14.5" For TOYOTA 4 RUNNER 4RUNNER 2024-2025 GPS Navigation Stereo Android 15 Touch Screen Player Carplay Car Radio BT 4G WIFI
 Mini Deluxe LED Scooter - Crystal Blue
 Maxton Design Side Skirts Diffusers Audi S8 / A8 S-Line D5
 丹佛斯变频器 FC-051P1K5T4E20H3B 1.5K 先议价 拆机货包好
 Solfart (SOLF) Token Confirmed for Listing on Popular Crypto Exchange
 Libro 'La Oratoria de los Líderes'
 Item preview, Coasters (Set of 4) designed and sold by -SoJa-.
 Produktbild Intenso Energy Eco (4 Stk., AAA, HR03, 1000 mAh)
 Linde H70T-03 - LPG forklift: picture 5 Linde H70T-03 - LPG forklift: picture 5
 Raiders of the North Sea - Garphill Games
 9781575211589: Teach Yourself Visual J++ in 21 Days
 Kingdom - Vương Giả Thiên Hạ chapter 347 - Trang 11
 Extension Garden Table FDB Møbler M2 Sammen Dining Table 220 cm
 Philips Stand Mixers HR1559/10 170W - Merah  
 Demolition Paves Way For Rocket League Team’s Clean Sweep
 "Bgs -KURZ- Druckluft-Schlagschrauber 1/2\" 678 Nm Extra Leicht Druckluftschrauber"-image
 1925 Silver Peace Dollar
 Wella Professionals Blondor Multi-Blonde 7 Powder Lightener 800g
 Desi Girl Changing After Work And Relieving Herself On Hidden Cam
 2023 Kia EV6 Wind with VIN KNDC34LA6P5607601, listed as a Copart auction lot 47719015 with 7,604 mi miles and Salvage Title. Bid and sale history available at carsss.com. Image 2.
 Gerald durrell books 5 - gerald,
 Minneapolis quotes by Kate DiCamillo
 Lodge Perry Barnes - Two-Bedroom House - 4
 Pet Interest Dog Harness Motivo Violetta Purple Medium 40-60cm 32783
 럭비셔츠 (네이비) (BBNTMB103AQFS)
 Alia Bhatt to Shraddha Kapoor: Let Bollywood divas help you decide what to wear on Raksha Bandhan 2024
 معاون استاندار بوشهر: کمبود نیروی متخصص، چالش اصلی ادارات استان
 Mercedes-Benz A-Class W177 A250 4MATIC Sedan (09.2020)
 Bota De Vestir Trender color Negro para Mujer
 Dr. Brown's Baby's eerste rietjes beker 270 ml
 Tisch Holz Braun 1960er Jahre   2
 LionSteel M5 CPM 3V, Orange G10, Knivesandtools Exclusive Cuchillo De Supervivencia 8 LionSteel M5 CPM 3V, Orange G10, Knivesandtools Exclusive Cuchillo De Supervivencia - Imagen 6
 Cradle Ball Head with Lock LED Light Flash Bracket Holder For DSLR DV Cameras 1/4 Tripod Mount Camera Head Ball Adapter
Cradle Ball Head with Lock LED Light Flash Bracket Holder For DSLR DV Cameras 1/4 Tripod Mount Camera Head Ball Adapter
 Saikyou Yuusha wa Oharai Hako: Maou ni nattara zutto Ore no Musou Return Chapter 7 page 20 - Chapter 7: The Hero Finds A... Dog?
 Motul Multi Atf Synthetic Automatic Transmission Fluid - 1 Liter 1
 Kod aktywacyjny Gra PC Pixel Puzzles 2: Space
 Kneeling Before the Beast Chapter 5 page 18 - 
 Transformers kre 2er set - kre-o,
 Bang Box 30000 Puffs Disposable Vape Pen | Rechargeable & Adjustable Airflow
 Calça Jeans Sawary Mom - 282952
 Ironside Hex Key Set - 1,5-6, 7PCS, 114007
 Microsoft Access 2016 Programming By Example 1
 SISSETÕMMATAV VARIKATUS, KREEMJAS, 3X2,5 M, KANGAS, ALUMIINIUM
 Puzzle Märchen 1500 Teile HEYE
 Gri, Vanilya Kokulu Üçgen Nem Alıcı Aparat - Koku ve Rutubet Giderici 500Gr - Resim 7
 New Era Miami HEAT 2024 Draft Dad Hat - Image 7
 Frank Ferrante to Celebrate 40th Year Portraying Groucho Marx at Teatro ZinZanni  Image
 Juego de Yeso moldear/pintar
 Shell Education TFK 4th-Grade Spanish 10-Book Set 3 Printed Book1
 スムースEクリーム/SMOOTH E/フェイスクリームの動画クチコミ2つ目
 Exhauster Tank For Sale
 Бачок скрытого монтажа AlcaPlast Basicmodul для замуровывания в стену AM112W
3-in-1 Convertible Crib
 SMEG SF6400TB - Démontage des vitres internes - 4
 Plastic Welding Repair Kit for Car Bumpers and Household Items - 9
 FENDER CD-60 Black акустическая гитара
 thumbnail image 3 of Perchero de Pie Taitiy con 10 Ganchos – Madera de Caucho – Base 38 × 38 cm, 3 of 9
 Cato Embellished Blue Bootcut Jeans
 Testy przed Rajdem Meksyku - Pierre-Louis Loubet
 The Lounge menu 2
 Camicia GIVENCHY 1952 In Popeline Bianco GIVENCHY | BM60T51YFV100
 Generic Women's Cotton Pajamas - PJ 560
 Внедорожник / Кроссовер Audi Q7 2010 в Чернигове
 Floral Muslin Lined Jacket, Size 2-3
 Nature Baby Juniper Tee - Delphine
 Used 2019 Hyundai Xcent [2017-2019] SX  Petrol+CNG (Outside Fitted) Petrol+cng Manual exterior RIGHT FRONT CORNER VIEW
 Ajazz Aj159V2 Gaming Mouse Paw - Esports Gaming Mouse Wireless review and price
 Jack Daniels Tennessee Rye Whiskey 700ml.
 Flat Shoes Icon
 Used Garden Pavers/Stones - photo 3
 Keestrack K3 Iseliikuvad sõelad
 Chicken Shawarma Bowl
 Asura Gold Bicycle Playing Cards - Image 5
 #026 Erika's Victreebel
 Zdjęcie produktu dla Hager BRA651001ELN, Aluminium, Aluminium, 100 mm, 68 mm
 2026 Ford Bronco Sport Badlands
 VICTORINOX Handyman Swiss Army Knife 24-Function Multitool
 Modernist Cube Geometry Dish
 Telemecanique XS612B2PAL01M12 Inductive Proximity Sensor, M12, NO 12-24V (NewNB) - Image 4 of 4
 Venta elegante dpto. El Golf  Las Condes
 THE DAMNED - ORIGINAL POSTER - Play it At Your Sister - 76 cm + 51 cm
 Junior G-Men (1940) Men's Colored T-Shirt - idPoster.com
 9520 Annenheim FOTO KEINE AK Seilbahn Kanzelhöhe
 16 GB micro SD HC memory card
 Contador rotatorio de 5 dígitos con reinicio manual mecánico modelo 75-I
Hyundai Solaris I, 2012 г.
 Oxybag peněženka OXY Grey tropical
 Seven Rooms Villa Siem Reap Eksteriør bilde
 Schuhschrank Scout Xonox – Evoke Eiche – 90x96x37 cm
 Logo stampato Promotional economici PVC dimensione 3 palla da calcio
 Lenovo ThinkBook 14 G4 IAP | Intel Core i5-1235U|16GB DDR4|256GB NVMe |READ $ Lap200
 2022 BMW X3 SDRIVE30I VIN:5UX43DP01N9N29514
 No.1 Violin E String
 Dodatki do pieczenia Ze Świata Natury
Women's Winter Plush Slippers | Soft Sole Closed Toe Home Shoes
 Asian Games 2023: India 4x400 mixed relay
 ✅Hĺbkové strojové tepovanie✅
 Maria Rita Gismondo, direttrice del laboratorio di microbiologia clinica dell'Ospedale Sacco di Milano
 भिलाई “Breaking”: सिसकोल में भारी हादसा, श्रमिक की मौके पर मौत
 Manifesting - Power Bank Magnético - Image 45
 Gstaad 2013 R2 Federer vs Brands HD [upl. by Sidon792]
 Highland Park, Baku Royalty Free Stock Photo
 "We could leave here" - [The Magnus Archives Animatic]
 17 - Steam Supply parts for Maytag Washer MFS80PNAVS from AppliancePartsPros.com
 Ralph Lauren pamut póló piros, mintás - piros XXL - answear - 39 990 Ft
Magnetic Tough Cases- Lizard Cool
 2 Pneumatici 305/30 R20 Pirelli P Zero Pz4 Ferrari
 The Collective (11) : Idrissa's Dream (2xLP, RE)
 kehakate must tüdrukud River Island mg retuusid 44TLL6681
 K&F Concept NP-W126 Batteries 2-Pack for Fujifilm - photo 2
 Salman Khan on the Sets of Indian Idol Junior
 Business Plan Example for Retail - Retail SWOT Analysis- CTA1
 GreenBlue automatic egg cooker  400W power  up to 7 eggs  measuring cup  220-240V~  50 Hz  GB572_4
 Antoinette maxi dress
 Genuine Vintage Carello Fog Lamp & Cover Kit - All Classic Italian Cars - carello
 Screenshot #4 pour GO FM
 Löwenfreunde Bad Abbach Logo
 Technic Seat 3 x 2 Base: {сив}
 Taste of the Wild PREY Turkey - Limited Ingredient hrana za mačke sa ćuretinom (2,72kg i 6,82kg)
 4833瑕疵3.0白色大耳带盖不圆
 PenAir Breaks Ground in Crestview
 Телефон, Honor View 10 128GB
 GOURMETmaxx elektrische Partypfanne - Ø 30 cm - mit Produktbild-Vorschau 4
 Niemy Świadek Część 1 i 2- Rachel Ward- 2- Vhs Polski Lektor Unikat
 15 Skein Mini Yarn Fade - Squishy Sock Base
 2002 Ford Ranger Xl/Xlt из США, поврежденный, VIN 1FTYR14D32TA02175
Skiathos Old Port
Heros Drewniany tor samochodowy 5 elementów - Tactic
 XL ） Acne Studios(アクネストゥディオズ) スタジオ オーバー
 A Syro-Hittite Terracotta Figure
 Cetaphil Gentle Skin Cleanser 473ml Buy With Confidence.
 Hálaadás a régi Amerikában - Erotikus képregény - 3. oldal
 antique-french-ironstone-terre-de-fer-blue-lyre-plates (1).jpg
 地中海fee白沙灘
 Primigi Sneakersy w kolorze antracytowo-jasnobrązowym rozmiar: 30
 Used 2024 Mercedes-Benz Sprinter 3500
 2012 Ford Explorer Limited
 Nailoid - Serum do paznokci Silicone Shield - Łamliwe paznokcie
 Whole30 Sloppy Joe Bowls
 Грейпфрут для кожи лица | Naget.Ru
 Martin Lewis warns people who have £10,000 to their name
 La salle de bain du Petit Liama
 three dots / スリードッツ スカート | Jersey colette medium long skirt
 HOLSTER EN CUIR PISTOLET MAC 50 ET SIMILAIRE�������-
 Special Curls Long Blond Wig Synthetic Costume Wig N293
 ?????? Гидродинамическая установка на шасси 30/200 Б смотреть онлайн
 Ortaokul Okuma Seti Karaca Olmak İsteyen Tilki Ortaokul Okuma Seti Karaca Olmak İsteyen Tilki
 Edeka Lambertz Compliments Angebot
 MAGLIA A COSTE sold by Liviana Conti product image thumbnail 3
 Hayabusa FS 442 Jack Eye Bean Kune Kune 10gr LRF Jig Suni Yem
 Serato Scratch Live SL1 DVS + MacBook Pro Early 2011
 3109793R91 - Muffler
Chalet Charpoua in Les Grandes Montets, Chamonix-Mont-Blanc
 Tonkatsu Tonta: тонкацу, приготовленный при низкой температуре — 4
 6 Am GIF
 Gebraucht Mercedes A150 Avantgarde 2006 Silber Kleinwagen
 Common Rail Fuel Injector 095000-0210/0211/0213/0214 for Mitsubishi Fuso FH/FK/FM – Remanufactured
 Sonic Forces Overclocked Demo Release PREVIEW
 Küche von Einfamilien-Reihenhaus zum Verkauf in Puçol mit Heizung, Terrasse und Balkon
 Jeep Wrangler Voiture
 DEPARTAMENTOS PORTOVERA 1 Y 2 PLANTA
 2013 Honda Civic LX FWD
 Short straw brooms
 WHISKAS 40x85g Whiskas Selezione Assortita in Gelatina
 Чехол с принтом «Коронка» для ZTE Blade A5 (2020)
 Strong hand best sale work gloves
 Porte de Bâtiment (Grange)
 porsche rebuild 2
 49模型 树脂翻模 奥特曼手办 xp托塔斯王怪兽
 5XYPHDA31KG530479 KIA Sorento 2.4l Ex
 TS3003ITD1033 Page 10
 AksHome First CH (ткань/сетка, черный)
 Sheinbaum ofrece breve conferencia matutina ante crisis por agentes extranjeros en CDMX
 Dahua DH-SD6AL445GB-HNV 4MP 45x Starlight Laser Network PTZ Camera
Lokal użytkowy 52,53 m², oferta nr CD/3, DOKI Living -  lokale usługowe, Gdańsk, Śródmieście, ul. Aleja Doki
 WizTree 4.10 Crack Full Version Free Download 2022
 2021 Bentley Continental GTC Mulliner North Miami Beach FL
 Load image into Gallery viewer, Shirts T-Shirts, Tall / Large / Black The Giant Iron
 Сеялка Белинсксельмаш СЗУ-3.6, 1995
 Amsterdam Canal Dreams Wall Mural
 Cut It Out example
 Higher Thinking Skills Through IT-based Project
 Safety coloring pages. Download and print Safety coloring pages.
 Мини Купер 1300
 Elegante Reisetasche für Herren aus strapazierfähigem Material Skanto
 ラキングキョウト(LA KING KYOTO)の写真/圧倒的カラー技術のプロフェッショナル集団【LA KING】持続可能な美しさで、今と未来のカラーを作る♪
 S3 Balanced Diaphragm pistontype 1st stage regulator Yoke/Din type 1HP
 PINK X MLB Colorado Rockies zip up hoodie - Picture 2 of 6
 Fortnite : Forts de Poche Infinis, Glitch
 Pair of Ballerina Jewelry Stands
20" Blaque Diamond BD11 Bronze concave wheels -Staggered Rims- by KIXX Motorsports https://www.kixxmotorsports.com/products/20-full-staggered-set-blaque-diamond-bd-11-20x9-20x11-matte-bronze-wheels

» **TASK OBJECTIVE**
Look over the listing and return each line that holds "Ford".

» **WRITTEN RESPONSE**
 2026 Ford Bronco Sport Badlands
 2002 Ford Ranger Xl/Xlt из США, поврежденный, VIN 1FTYR14D32TA02175
 2012 Ford Explorer Limited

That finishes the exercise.